[[ Provided data open ]]
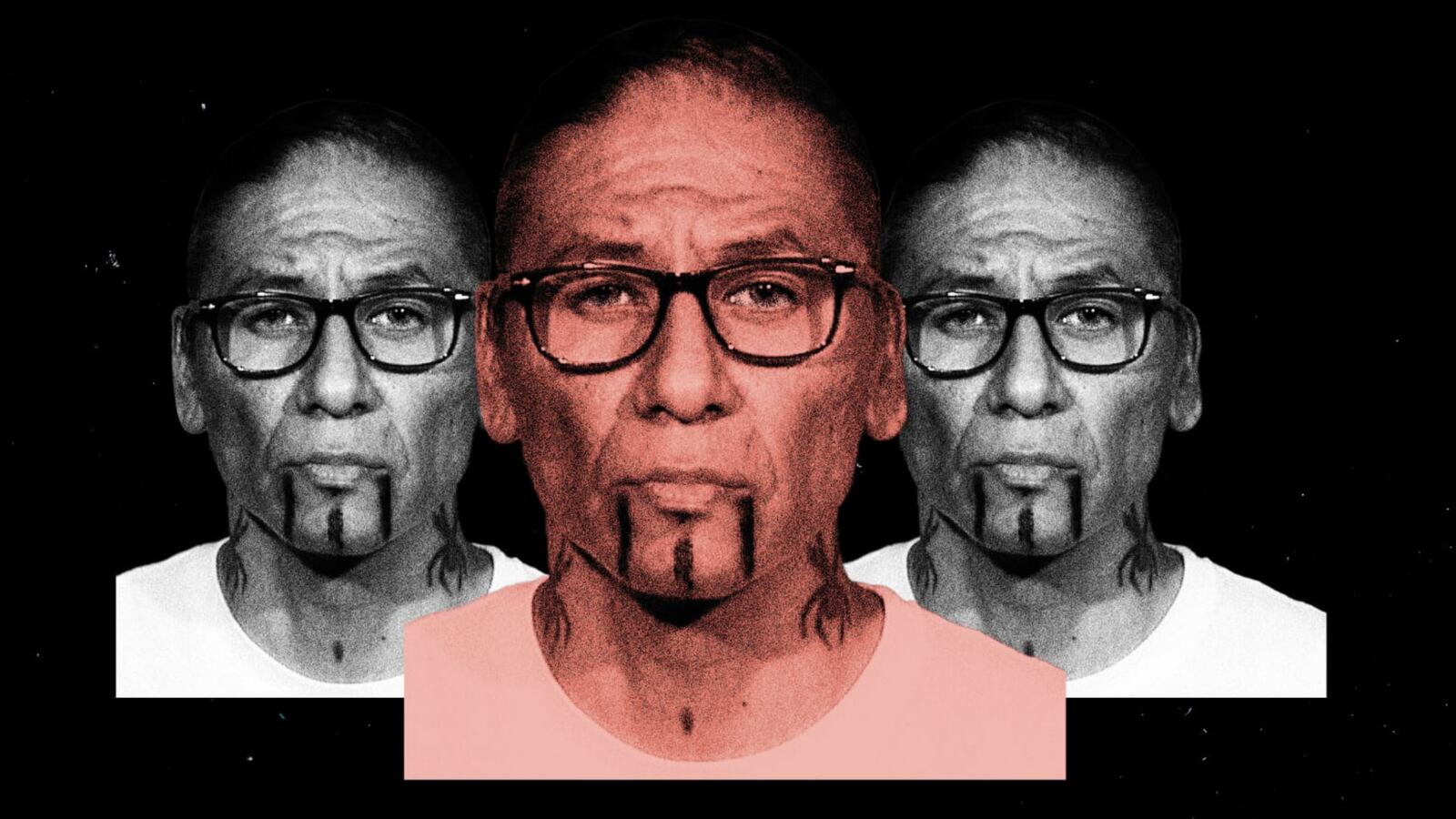 A photo illustration of former actor and suspect Nathan Chasing Horse.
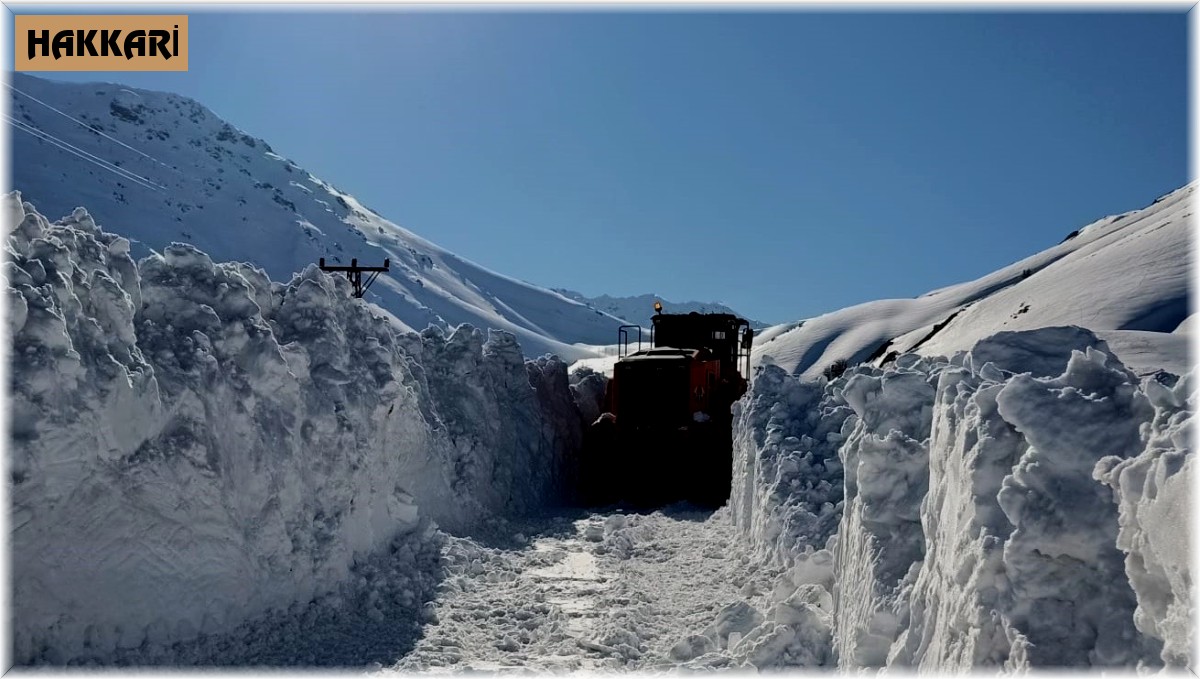 İnsan boyunu aşan karda yol açma çalışması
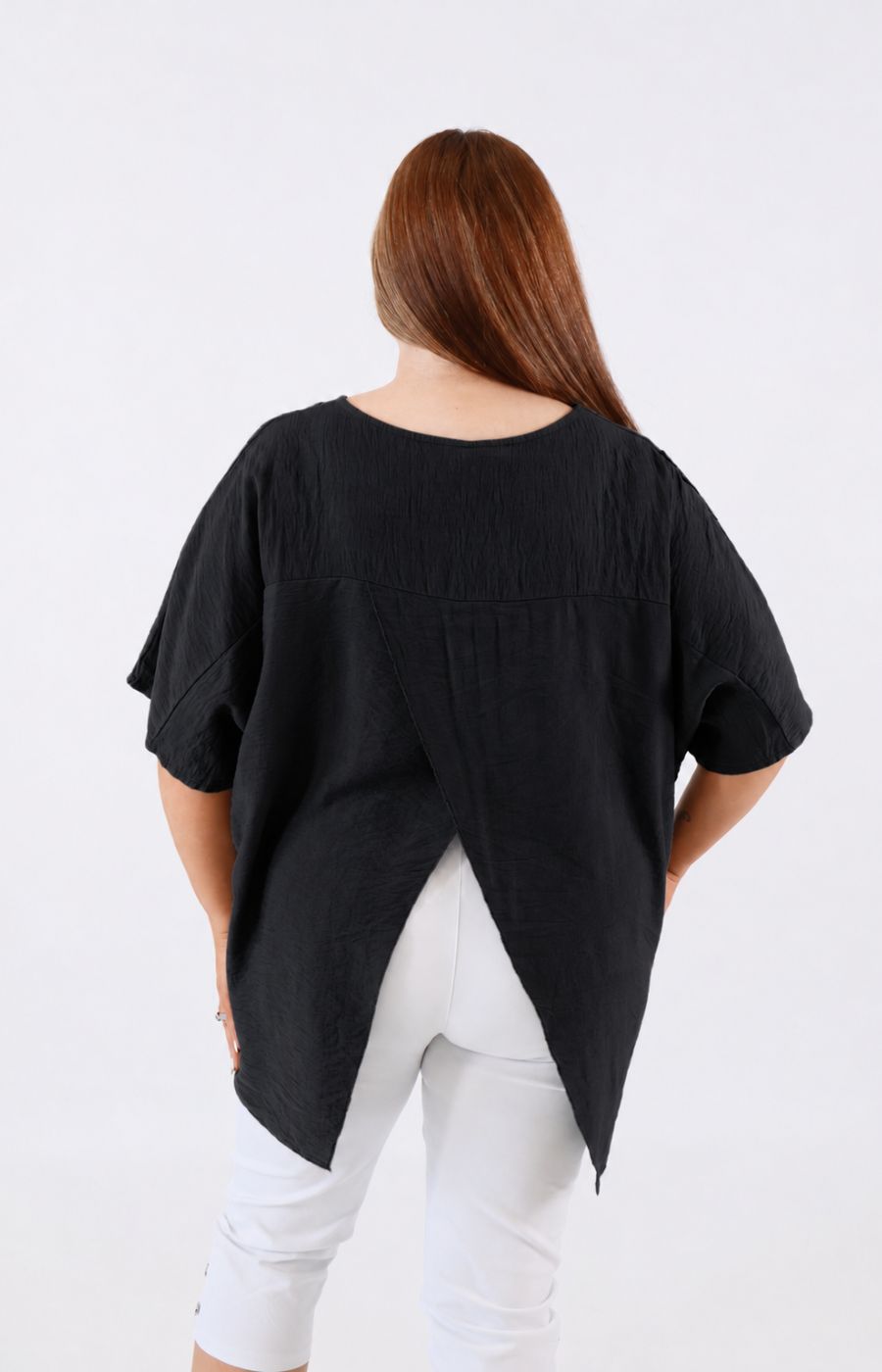 Linda Open Back Blouse in Black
[[ Provided data closed ]]
Would you retype every line shown above exactly, leaving the pictures aside?

 A photo illustration of former actor and suspect Nathan Chasing Horse.
 İnsan boyunu aşan karda yol açma çalışması
 Linda Open Back Blouse in Black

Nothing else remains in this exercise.